Während des Sklavenaufstands im alten Rom gelang es dem Rebellenführer Spartakus einmal, eine Einheit der römischen Armee in die Flucht zu schlagen. Der römische Befehlshaber, Marcus Crassus, war über die Feigheit seiner Soldaten erbost und entschloss sich zu einer besonders harten Bestrafung.
Er ließ die Legionäre der geflüchteten Einheit in einer Reihe antreten. Jeder Zehnte musste drei Schritte nach vorne treten und wurde anschließend von seinen Kameraden mit Knüppeln und Fäusten zu Tode geprügelt.
Eine wirklich barbarische Bestrafung, finden Sie nicht? Dennoch ist sie bis heute in aller Munde. Immer wenn etwas „dezimiert“ wird, verwenden wir ein Wort, das seinen Ursprung im Totschlagen römischer Soldaten hat.
Jetzt fragen Sie sich bestimmt, was diese beiden Anekdoten miteinander zu tun haben. Ich will es Ihnen verraten: Nicht viel. Es sind einfach zwei Geschichten, die in meinem Arbeitszimmer herumfliegen. Geschichten, die ich aufgehoben habe, weil ich sie bemerkenswert fand, und die darüber hinaus nichts, aber auch gar nichts mit dem zu tun haben, worüber ich derzeit schreibe oder jemals geschrieben habe.
Ist das nicht schade? Es sind tolle Anekdoten und ich bringe sie partout nirgendwo unter. Stattdessen fristen sie ein sinnloses Dasein in Schubladen, Schuhkartons, in Notizbüchern, in Word-Dokumenten, in Linksammlungen, einfach überall.

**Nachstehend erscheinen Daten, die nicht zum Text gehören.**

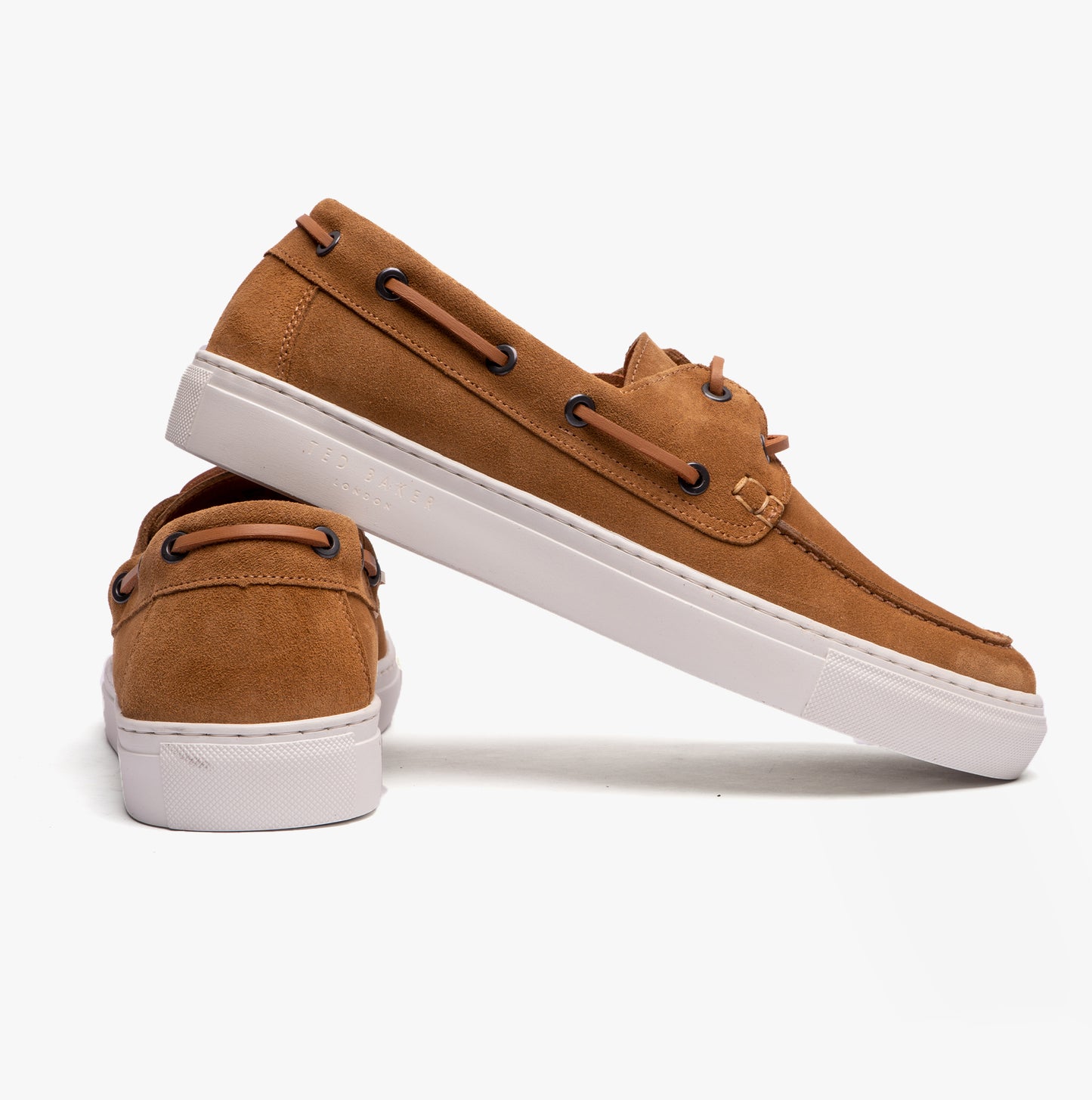 EUENS Mens Boat Shoes Tan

Um die Chance zu erhöhen, dass wenigstens einige von ihnen noch einmal öffentlich vorgetragen werden, habe ich vor einiger Zeit damit begonnen, ein Register anzulegen. Darin werden meine Geschichten Stichworten zugeordnet, damit man sie bei Bedarf leichter finden kann.
Unter F findet man dort zum Beispiel die Geschichte von John Sedgwick, einem General der Unionstruppen im amerikanischen Bürgerkrieg. Eines klaren Frühlingsmorgens trat der stolze Befehlshaber hinter seiner Deckung hervor und ließ den Blick über die feindlichen Stellungen schweifen. Dabei sprach er seine berühmten letzten Worte: „Ich sage euch, auf die Entfernung treffen diese Idioten nicht mal einen Elefa…“.
Aber noch hat niemand einen Text über „fatale Fehleinschätzungen“ bestellt und so bleibt die Story im Archiv und wartet auf ihre Gelegenheit.
Noch schlechtere Chancen als Sedgwick hat vermutlich die Geschichte eines Brandenburger Schäferhundes, nennen wir ihn Kuki. Der ist vor einigen Jahren im Winter auf einen zugefrorenen See gelaufen und eingebrochen. Die Feuerwehr rückte an, um das Tier aus seiner misslichen Lage zu befreien. Doch als der Feuerwehrmann das Loch im Eis erreichte und Kuki aus dem Eiswasser ziehen wollte, hat der Köter seinem Retter erst einmal kräftig in die Hand gebissen.
Ich fand diese Geschichte im Lokalteil einer Zeitung und hätte ihr wohl keine große Beachtung geschenkt, wäre es nicht die Zeit der europäischen Finanz- und Schuldenkrise gewesen. Auf der Titelseite berichtete dasselbe Blatt über einen Staatsbesuch Angela Merkels in Griechenland, wo die Kanzlerin mit der dortigen Regierung über die Verhinderung des seinerzeit drohenden Staatsbankrotts diskutieren wollte.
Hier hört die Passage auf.